For the purpose of this discussion, you have decided to partition a table using range partitioning that represents each week of a year. The issue here is that the query optimizer does not know how the underlying disk system will respond to a 52-way parallel scan. The optimizer must determine the best way to scan the table. If there are enough worker processes configured, the optimizer uses 52 threads to scan the table, which may well cause serious performance issues and be even slower than a serial scan.

To prevent this, first find out exactly how much parallelism is supported. If you know the devices that are used for this table, you can use the following command on a UNIX system, where the underlying device is called /dev/xx:

time dd if=/dev/xx of=/dev/null bs=2k skip=8 count = 102400 &

Assume that time records as x.

Now run two of the same commands concurrently:

time dd if=/dev/xx of=/dev/null bs=2k skip=8 count = 102400 &
time dd if=/dev/xx of=/dev/null bs=2k skip=8 count = 102400 &

This time, assume that time is y. In a linear scale-up, x is the same as y, which is probably impossible to achieve. The following identity may suffice:

x <= y <= (N*x)/k

Where N is the number of simultaneous sessions started and k is a constant that identifies an acceptable improvement level. A good approximation of k might be 1.4, which says that parallel scan is allowed as long as it delivers 40% better metrics than a serial scan.
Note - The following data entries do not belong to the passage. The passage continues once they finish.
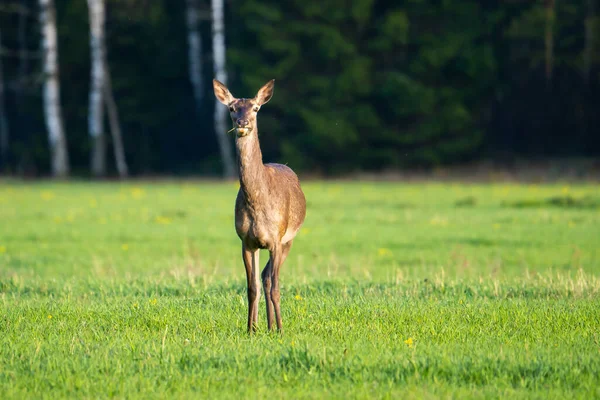Funny Deer Evening Sunlight Green Meadow Forest Background Deer Looking — Stock Photo, Image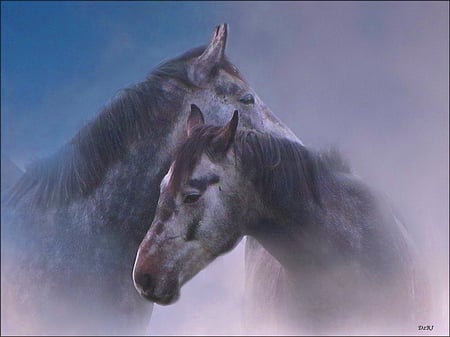 Meeting in the mist - black, grey, horses, mist, pair, affection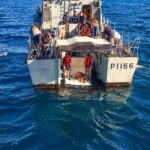 Ambiente Tartaruga Molly regressa ao oceano apos 20 anos de cuidados humanos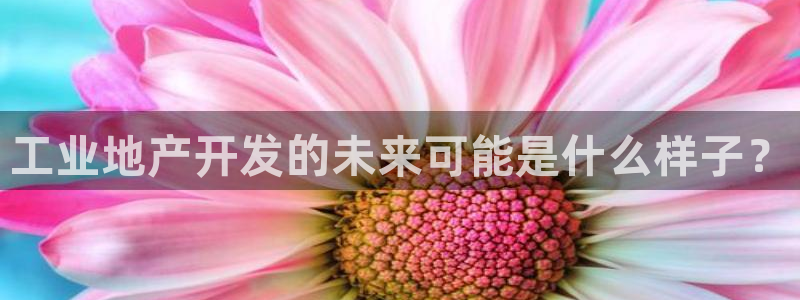 永利工业制带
Table 5-2: Parallel scan metrics

Number of threads

Performance metrics

Acceptable for k=1.4

1

200s

2

245s

245 <= (200*2)/1.4; i.e. 245<=285.71

4

560s

560 <= (200*4)/1.4; i.e. 560<=571.42

5

725s

725 <= (200*5)/1.4; i.e. 725<=714.28

Table 5-2 shows that the disk subsystem did not perform well after four concurrent accesses; the performance numbers went below the acceptable limit established by k. In general, read enough data blocks to allow for any skewed readings.

Having established that 4 threads is optimal, provide this hint by binding it to the object using sp_chgattribute in this way:

sp_chgattribute <tablename>, “plldegree”, 4

This tells the query optimizer to use a maximum of four threads. It may choose fewer than four threads if it does not find enough resources. The same mechanism can be applied to an index. For example, if an index called auth_ind exists on authors and you want to use two threads to access it, use:

sp_chgattribute “authors.auth_ind”, “plldegree”, 4

You must run sp_chgatttribute from the current database.